22/09/2022
Voyage vers mon "Je suis".
J'aurais aimé grandir dans un "Lakou". Un grand "Lakou" comme celui de "Kay Tidò" dans "À l'ombre du calebassier". Oui, un "Lakou" comme celui de "Grann Vèti" où "TiZo" a grandi dans "Zoubka Lakou Marasa" . J'aurais aimé connaître et vivre dans ma culture, celle de mon âme, celle qui coule dans mes veines. J'aurais aimé me déhancher sous le son des tambours lors des cérémonies en l'honneur des loas, les fameuses "danses". J'aurais aimé savoir que j'étais Haïtienne avec tout ce que cela impliquait y compris les croyances. J'aurais aimé connaître la vérité sur le Vodou. J'aurais aimé savoir que les loas guinen étaient différents des loas pétro. J'aurais aimé savoir que le Vodou n'était pas que mauvais sorts, zombification, envoûtement: magie noire et sorcellerie. J'aurais aimé apprendre à aimer les sources, à chérir les arbres: à vénérer la nature.

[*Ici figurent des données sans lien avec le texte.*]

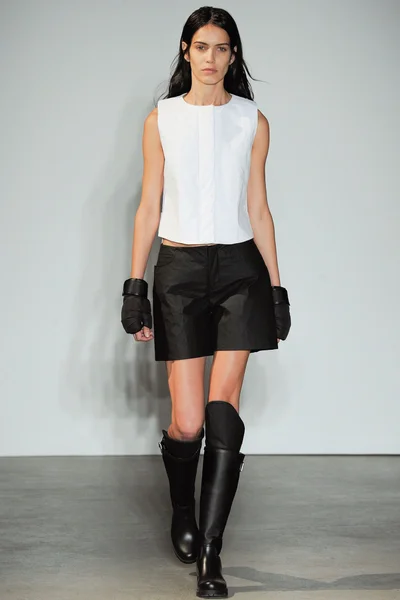 Look 3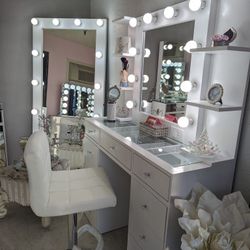 makeup vanity 
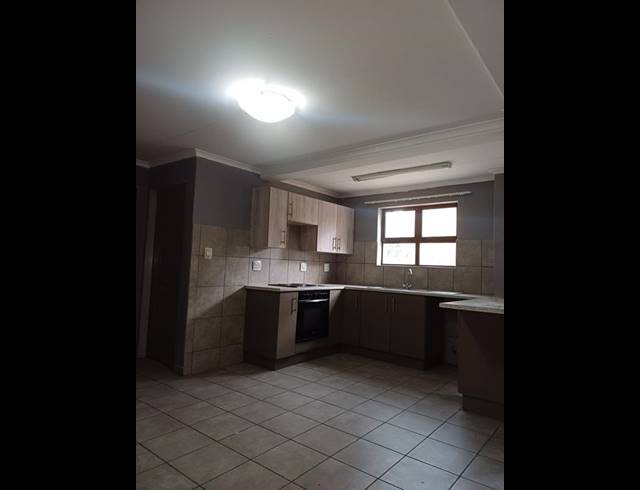 3 BEDROOM APARTMENT FOR SALE IN SUNNYSIDE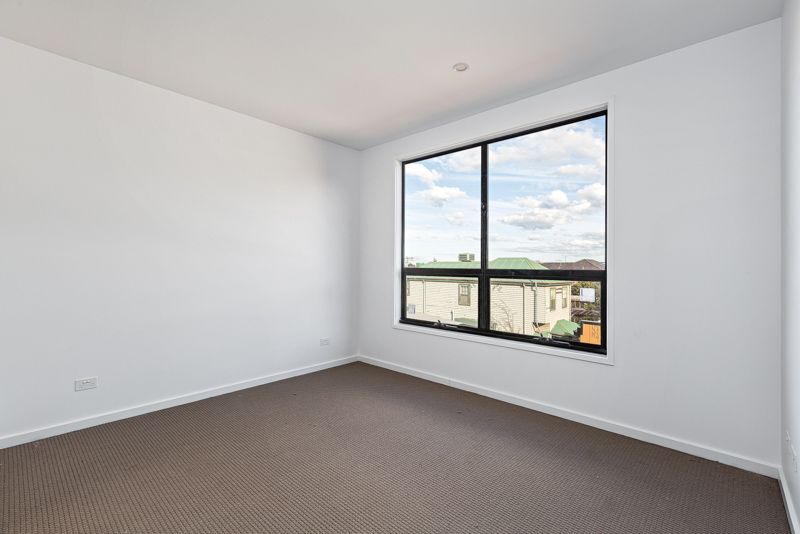 2/92 Cowper Street, Footscray - Thumbnail 5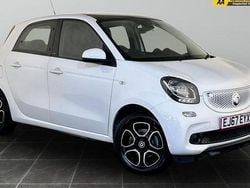 White Used 2018 Smart ForFour Premium Hatchback | £7,495 (Good price)
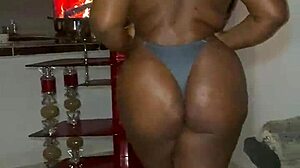 Teaching my stepsister to screw, she learned super fast!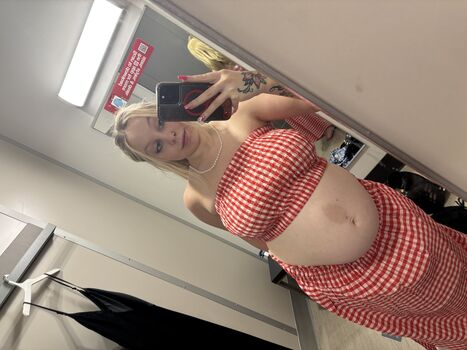 Full leaked Kinzyyyy private onlyfans photo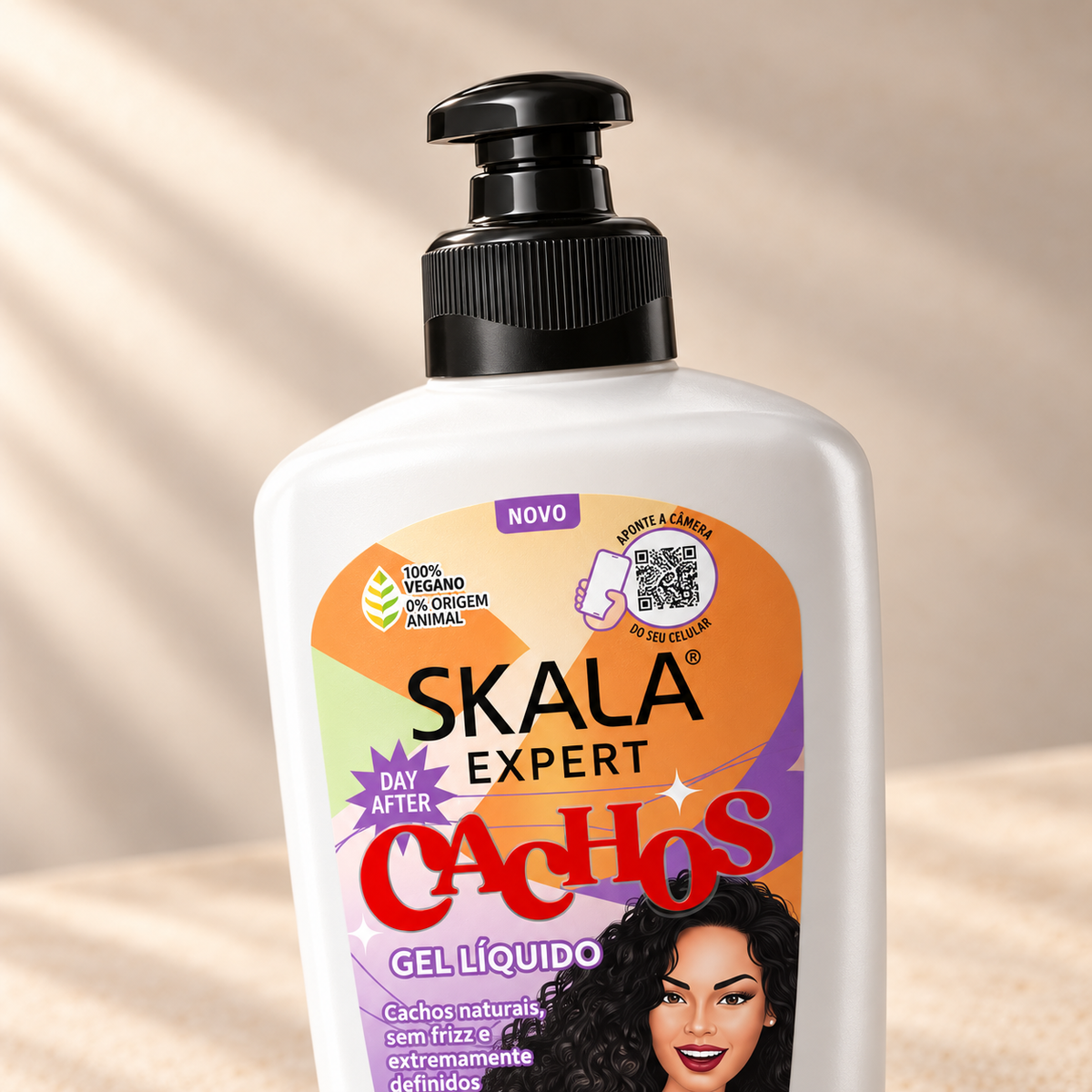 Detalle de la etiqueta del gel líquido Skala Expert Cachos Day After: 100% vegano, 0% origen animal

J'aurais aimé voir un "pye mapou" comme source de vie pour sa capacité de rétention d'eau dans le sol et non comme un arbre démoniaque où habitaient des démons. J'aurais aimé ne pas avoir peur en passant près d'un "pye mapou" seule, au point de chanter à haute voix des cantiques évangéliques pour implorer le bon Dieu de ne pas me laisser engloutir par cet arbre servant de maison aux "baka".
J'aurais aimé me pavaner dans des couleurs rayonnates, habillées de robes uniques sans avoir peur qu'on me traite "d'enfant du diable" ou de "manbo". J'aurais aimé connaître mon histoire et savoir le rôle qu'y à jouer ma culture. J'aurais aimé apprendre les chants de guerre, les paroles célèbres de mes ancêtres, les divers rituels... Au lieu d'apprendre des histoires bibliques qui n'avaient rien à voir avec moi.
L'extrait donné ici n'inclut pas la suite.